Schools, he says, need to help all students, but particularly boys, see clearer pathways, the practical value of education as a way to improve engagement.
"Very often, we’re pathologizing boys for being boys. They are being treated as less-than members of a classroom, and people who are deficient or insufficient in a number of ways.”
Cox would agree. He has spent two years interviewing boys from around the world, the basis of On Purpose Before Twenty. “We cannot hope to educate the next generation for the good life,” he writes, “without making a more considered life part of that equation. Schools are an essential catalyst for this growth, and for shaping people whose strength should be manifest more in their citizenship than consumption. “Because the education of youth has become unbalanced,” he adds, “favoring an intake of content over a plan of action, young people are searching for a sense of agency.”

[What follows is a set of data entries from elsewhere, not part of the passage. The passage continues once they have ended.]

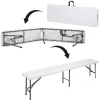 Скамья складная Springos GF0094 180 x 30 x 43 см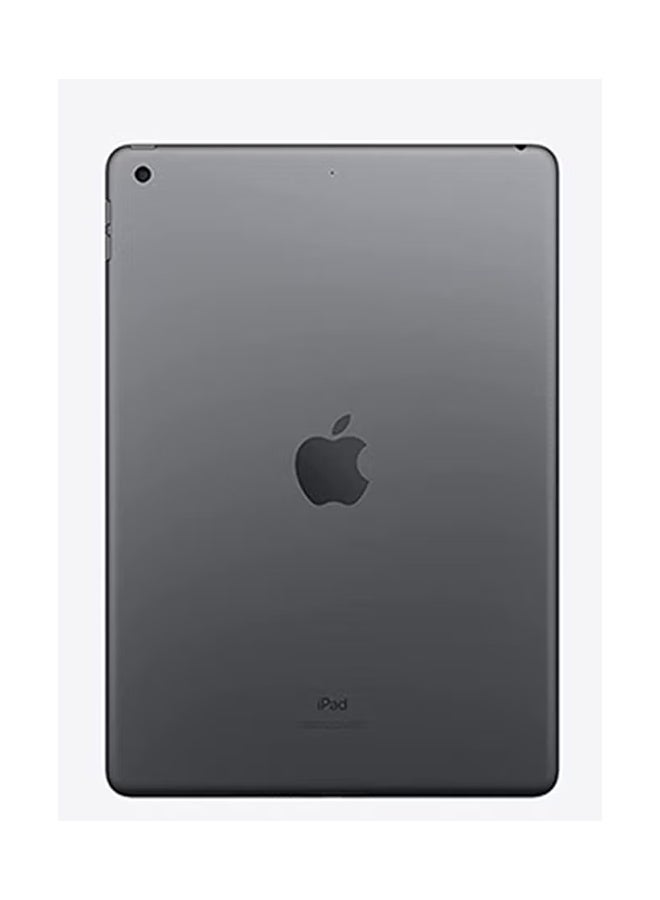 Apple Renewed - iPad 2021 (9th Generation) 10.2-Inch, 256GB, WIFI, Space Gray With Facetime - International Version - Image 2
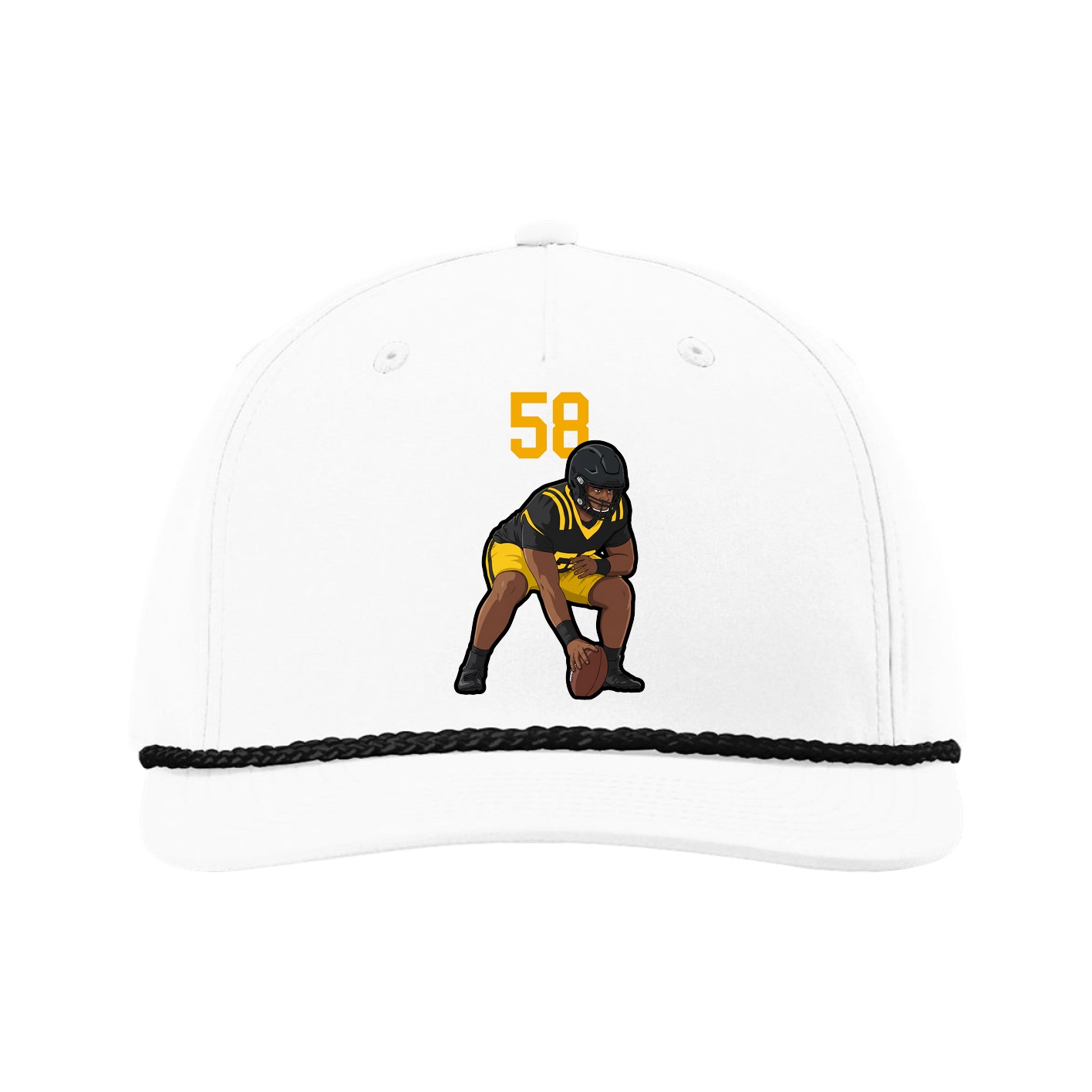 Five-Panel Classic Rope Cap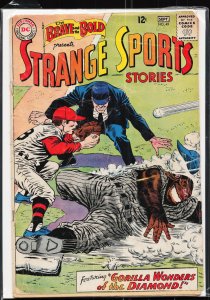 The Brave and the Bold #49 (1963) Strange Sports Stories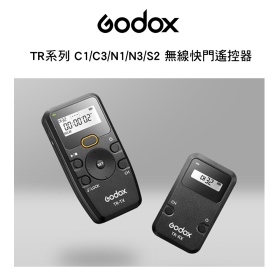 Godox 神牛 TR系列 C1/C3/N1/N3/S2 無線快門遙控器 2.4G傳輸 最長可達100M 開年公司貨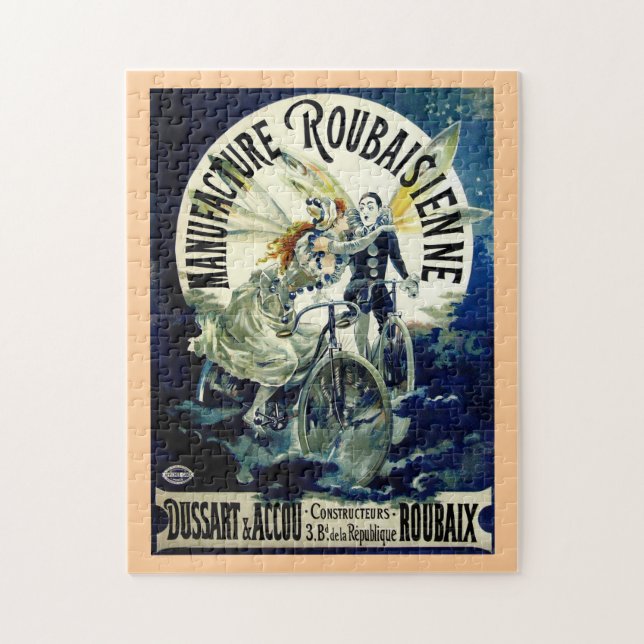 TillverkningRoubaisienne cyklar Pussel (Vertikal)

Those words resonate with Alexander Kopelman, co-founder and head of the Children’s Arts Guild in New York. The after-school, nonprofit program seeks to help boys develop emotional skills by way of art.“We feel gender socialization is very detrimental to boys,” he says, noting the gender gap. Boys and men, he says, are often taught to swallow their feelings. Consider the classic, boys don’t cry. “What we’re learning is to cut away a very essential part of ourselves, and to view it as the other, and as something that’s weak and undesirable,” he says. “As we get older, we sort ourselves into what boys and girls do and don’t do.”
That can impact interest in books—and ultimately academic performance. Or it can impact love of art—and creative expression. Many boys, Kopelman says, will not pursue art because it’s viewed as something girls do. At the guild, the goal is to break down those stereotypes. Boys aged pre-K through fifth grade are exposed to male role models and creative projects. They might have a contest to see which team can build the tallest structure, or they might cook together or draw with pastels.
The fundamental question, he says, should not be focused on whether schools are failing boys. That only stirs hard feelings and controversy, he says. Others posit that it was exactly this type of focus (i.e., “are schools failing girls?”) that resulted in the impressive gains made by girls over the past several years and should be used as a model for boys. Conservative author Kate O’Beirne contends the past two decades have seen many classrooms turn into reeducation camps for young boys.
Kopelman asks what is the practical value of an education and how should that education look. “What,” he says, “are we preparing students for?” The answer when it comes to boys may well demand schools of the future that look quite different from current, traditional models.
As Cox says: “We are a diverse species, and we have a range of differences. We ought to have schools, which are so important, that accommodate some of those differences.”